In a tragic accident, 11 kids, all under eight years of age, were killed, and 17 other schoolchildren injured, when the minibus they were in collided with a truck in dense fog early on Monday morning.

The mishap took place near Behta village in Ambala district. The driver of the minibus, Subhash, too, was killed on the spot.
The kids were students of primary classes in Arjun Public School, Behta, and were packed like sardines in the van giving them little room to extricate themselves after the mishap.

Supreme Court Guidelines for school bus services:

Hon’ble Supreme Court of India, has laid down certain guidelines to be followed by the enforcement and educational authorities with regard to safety of school buses carrying children.

To comply with these directions the guidelines have been incorporated in permits issued to school buses by State Transport Authority, U.T., Chandigarh. The Challaning Officers of State Transport Authority are enforcing these guidelines by carrying out checking of school buses from time to time. State Transport Authority, U.T., Chandigarh has reiterated these guidelines and has issued instructions to all the Principals of Government & Private School, Association of School Bus Operators and Association of the Private Schools. They have been advised to comply with the directions regarding school buses in letter and spirit keeping in view the safety of school going children.

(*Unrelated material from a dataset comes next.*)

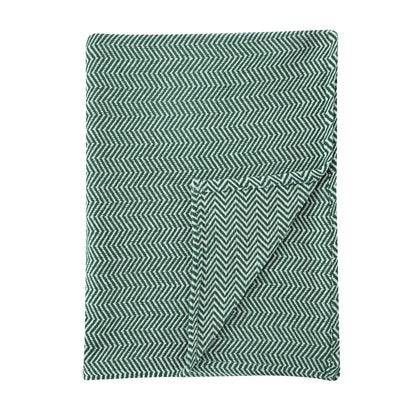 Herringbone Cotton Blanket - mosswell.us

The gist of the guidelines is summarized below:-

1. School buses should be painted yellow.
2. School Bus must be written on the back and front of the bus. IF it is hired bus, “on School Duty” should be clearly indicated.
3. Bus should have a First Aid Box.
4. Bus should be fitted with speed governor of specified standard.
5. The windows of Bus should be fitted with horizontal grills.
6. There should be a fire extinguisher in the Bus.
7. School Name & Telephone No. must be written on the Bus.
8. The doors of the Bus should be fitted with reliable locks.
9. To keep the school bags safely, there should be a space fitted under the seats.
10. There must be a qualified attendant in the Bus to attend to Children.
11. Any parent or guardian sitting in the bus or a teacher may also travel to ensure these safety norms.
12. The driver should have at least 5 years of experience of driving heavy vehicles.
13. A driver who has been challaned more than twice in a year for offences like red light jumping, violation of lane discipline or allowing unauthorized person to driver cannot be employed.
14. A driver who has been challaned even once for the offence of over speeding, drunken driving and dangerous driving etc. cannot be employed.

As per Section 2(47) of the Motor Vehicles Act, 1988 an educational institution bus is a transport vehicle and therefore requires a permit to ply on the road. Being a transport vehicle it would also need to undergo mandatory fitness test every year without which the permit cannot be renewed.

They have been advised that the drivers of the school buses are required to maintain traffic discipline. Any lapse on this account will invite stern action against the defaulters or violators of above instructions & will be challaned or prosecuted accordingly.